Before turning to these cases, we record a preliminary lemma which will be useful in our analysis.
Lemma 2.2. Let 
$\theta$ be an irrational number satisfying the Diophantine condition (1.4). Let 
${\mathcal L} = {\mathcal L}(x)$ denote the set of all integers 
$\ell$ with 
$|\ell| \leqslant \sqrt{x}$ such that for some 
$k \leqslant (\log x)^{1+\epsilon}$ one has 
$\Vert k\ell \theta \Vert \leqslant x^{-\frac 13}$, where 
$\epsilon \gt 0$ is small. Then 
$0$ is in 
${\mathcal L}$, and for any two distinct elements 
$\ell_1$, 
$\ell_2 \in {\mathcal L}$ we have 
$|\ell_1 - \ell_2| \gg (\log x)^{3/2}$.
Proof. Evidently 
$0$ is in 
${\mathcal L}$, and the main point is the spacing condition satisfied by elements of 
${\mathcal L}$. If 
$\ell_1$ and 
$\ell_2$ are distinct elements of 
${\mathcal L}$ then there exist 
$k_1$, 
$k_2 \leqslant (\log x)^{1+\epsilon}$ with 
$\Vert k_1 \ell_1 \theta\Vert \leqslant x^{-\frac 13}$ and 
$\Vert k_2 \ell_2 \theta \Vert \leqslant x^{-\frac 13}$. It follows that 
$\Vert k_1 k_2 (\ell_1 -\ell_2) \theta\Vert \leqslant 2(\log x)^{1+\epsilon} x^{-\frac 13}$. The desired bound on 
$|\ell_1 -\ell_2|$ now follows from the Diophantine property that we required of 
$\theta$, namely that 
$\Vert q\theta \Vert \gg \exp(-q^{\frac 1{4}})$ which implies that 
$(\log x )^{4} \ll k_1 k_2 |\ell_1-\ell_2|$ and the desired estimate follows.
Case 1: 
$\max (g, h )\leqslant \sqrt{x}$. Suppose that 
$g$ and 
$h$ are given with 
$g$ and 
$h$ below 
$\sqrt{x}$ and 
$g\neq h$, and consider the sum over 
$a$ and 
$b$ in (2.3). We distinguish two sub-cases, depending on whether 
$g-h$ lies in 
${\mathcal L}$ or not. Consider first the situation when 
$g-h \not\in {\mathcal L}$. Using Möbius inversion to detect the condition that 
$(a,b)=1$, the sums over 
$a$ and 
$b$ may be expressed as (the 
$O(1)$ error term accounts for the term 
$a=b=1$ which must be omitted)
\begin{align}
&\sum_{\substack{k\leqslant x/\max(g, h)\\ }} \mu(k) \sum_{\substack{t, s \leqslant x/(k\max (g,h)) \\ }} e(k(g-h)(t-s)\theta) +O(1)
\nonumber \\
&= \sum_{\substack{k\leqslant x/\max(g, h)\\ }} \mu(k) \Big|\sum_{\substack{t \leqslant x/(k\max (g,h)) \\ }} e(k(g-h)t\theta)\Big|^2 +O(1).\end{align} If 
$k \gt (\log x)^{1+\epsilon}$ then we bound the sum over 
$t$ above by 
$x/(k\max(g,h))$, and so these terms contribute to (2.4) an amount
\begin{equation*}
\ll \sum_{k \gt (\log x)^{1+\epsilon/2}} \frac{x^2}{k^2 \max(g,h)^2} \ll \frac{x^2}{(\log x)^{1+\epsilon/2} \max (g, h)^2}.
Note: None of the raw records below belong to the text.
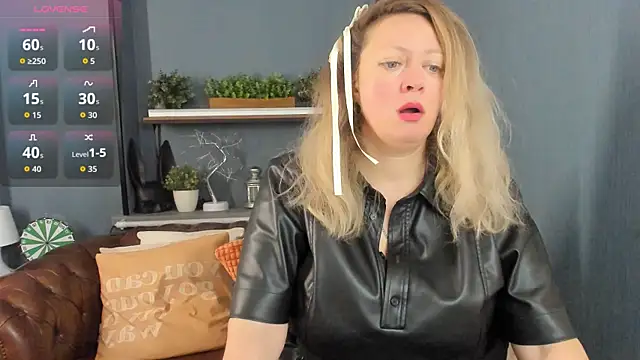 JesiaFoxi online show from November 22, 1:32 pm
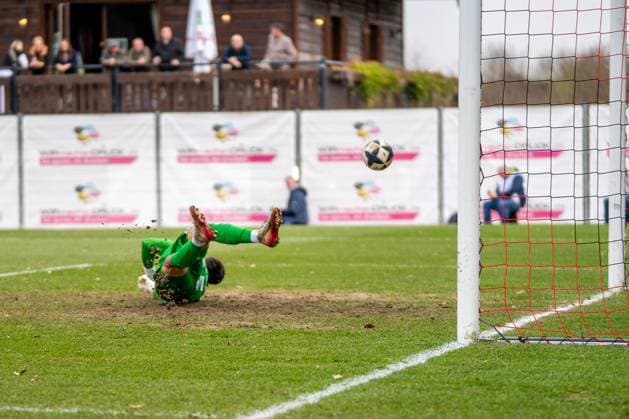 Tor zum 1:0 durch Mert Tasdelen (SG Sonnenhof Großaspach, 10), SG Sonnenhof Großaspach vs. SV Stuttgarter Kickers, Fussball, Regionalliga Südwest, 17. Spieltag, Saison 2025 2026, 15.11.2025 SG Sonnenhof Großaspach vs. SV Stuttgarter Kickers, Fussball, Regionalliga Südwest, 17. Spieltag, Saison 2025 2026, 15.11.2025 Aspach Copyright: xEibner-Pressefoto PhilipxZieglerx EP_PZR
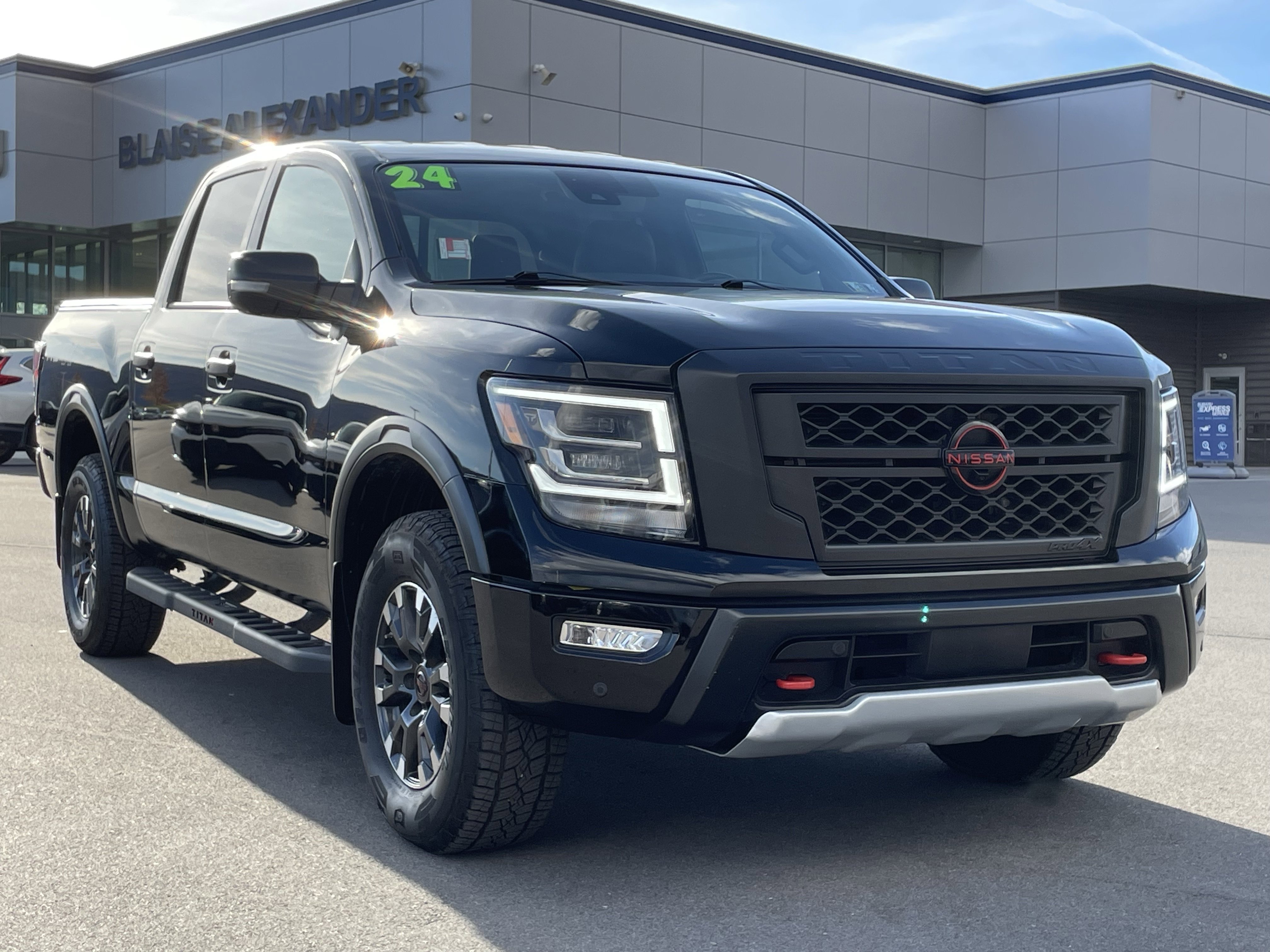 Used 2024 Nissan Titan PRO-4X w/ Pro-4x Convenience Package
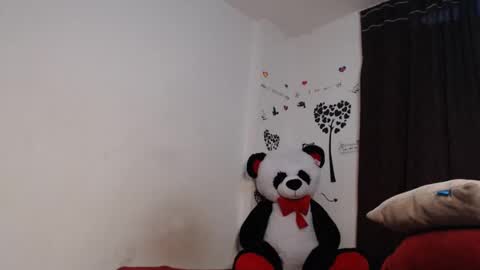 Snapshot of allyka_transsm chatting on 12/13/24, 08:15 Allyka online show from 12/13/24, 08:15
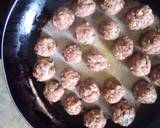 Meat balls and beef sausages bitings in sauce recipe step 7 photo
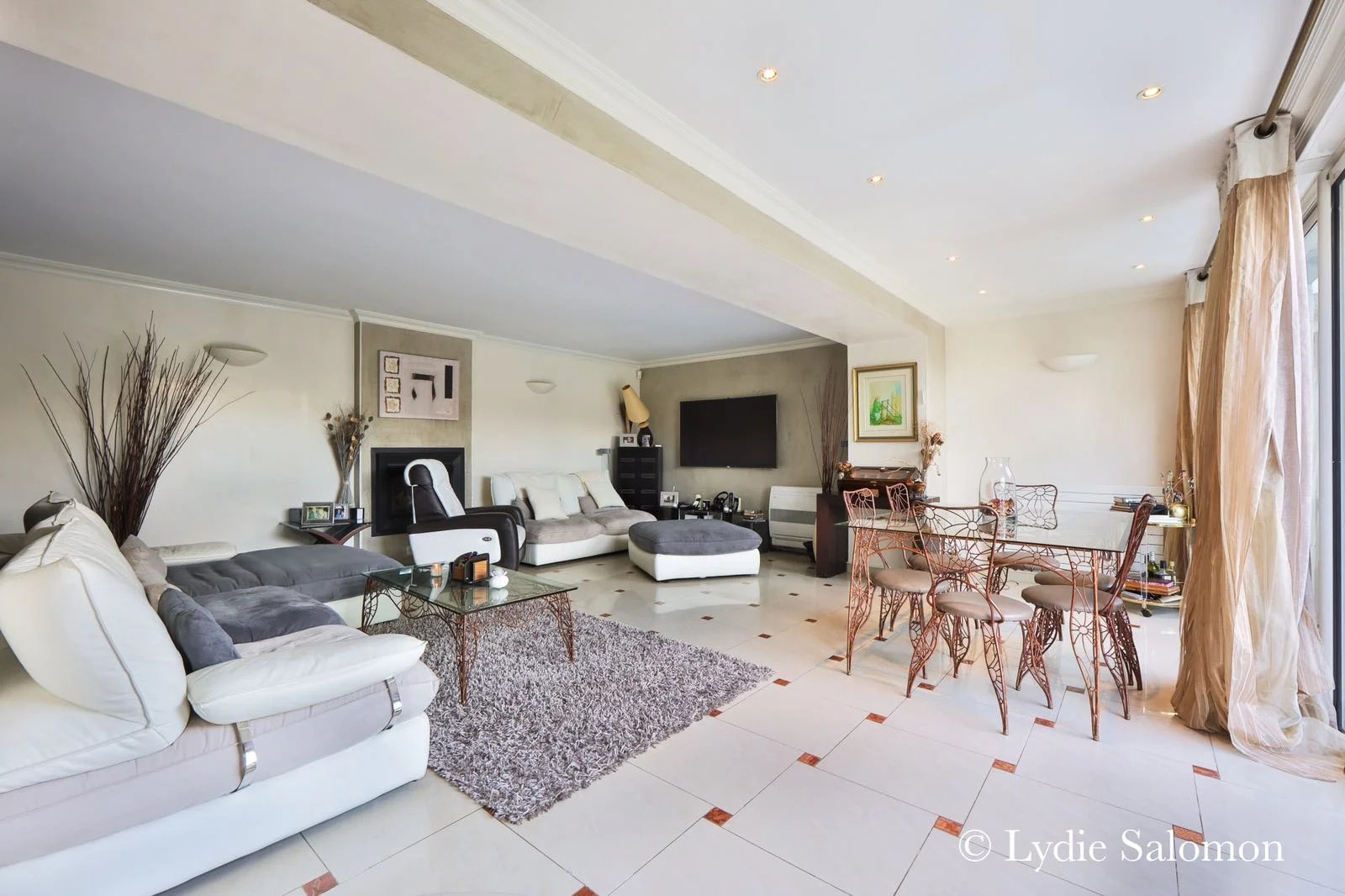 Salon d’une maison à Joinville-le-Pont Intérieur d'une maison rénovée avec salon spacieux et mobilier moderne.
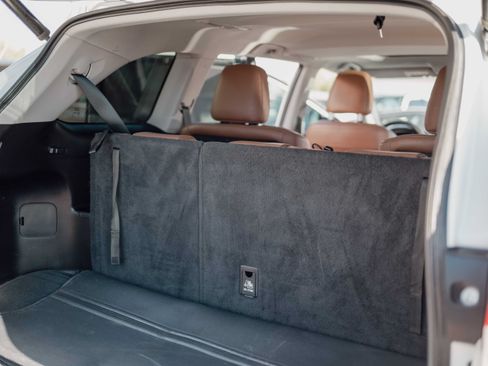 Used 2019 Toyota Highlander Limited w/ Carpet Mat Package (TMS) FWD image 14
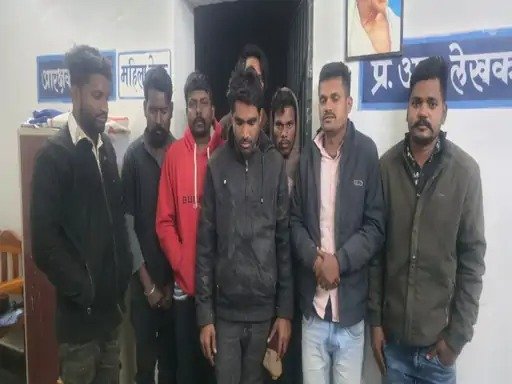 न्यू ईयर पार्टी मनाने के आड़ में खेल रहे थे जुआ, फिल्मी स्टाइल में ‎कंबल ओढ़कर पहुंची पुलिस, सरपंच समेत 8 जुआरियों को पकड़ा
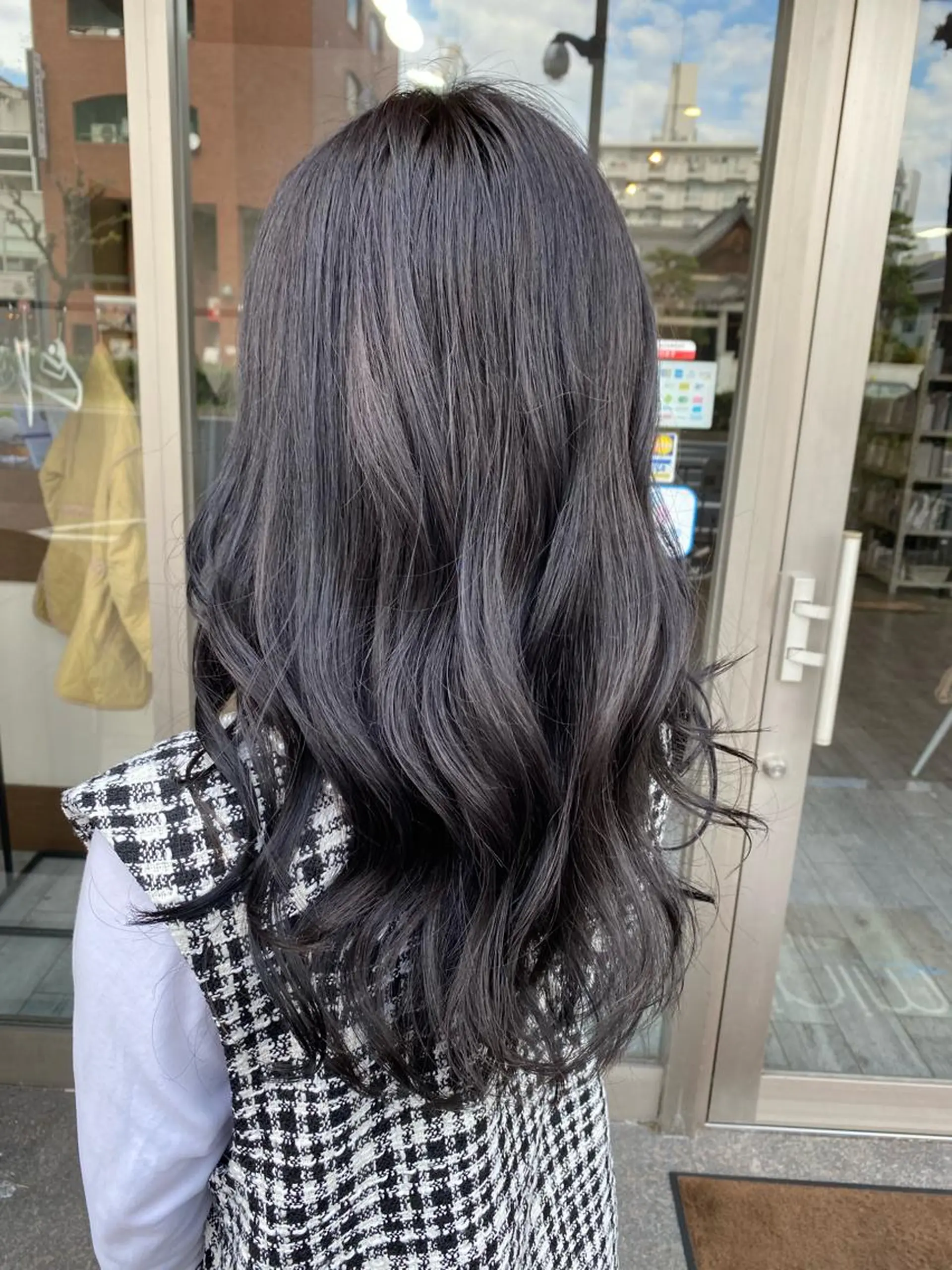 ロング カラー 黒髪 グレーブラック ヘアカラー トリートメント 日比 貴大/ minim hairのヘアスタイル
\end{equation*} Now consider 
$k\leqslant (\log x)^{1+\epsilon/2}$. Since 
$g-h \not \in {\mathcal L}$ by assumption, it follows that 
$\Vert k(g-h) \theta \Vert \gt x^{-1/3} $. An application of (2.2) shows that the sum over 
$t$ in (2.4) is 
$\leqslant x^{1/3}$. Thus the terms 
$k \leqslant(\log x)^{1+\epsilon/2}$ contribute to (2.4) an amount bounded by
\begin{equation*}
\sum_{k\leqslant (\log x)^{1+\epsilon/2}}x^{2/3} = O(x^{2/3 + \epsilon}).
\end{equation*} Summing this overall 
$g$, 
$h \leqslant \sqrt{x}$, we conclude that the contribution of terms with 
$\max(g,h)\leqslant \sqrt{x}$ and 
$g-h \not\in {\mathcal L}$ to (2.3) is
\begin{equation*}
\ll \sum_{g, h \leqslant \sqrt{x}} \frac{x^2}{(\log x)^{1+\epsilon/2} \max(g,h)^2} \ll \frac{x^2}{(\log x)^{\epsilon}}.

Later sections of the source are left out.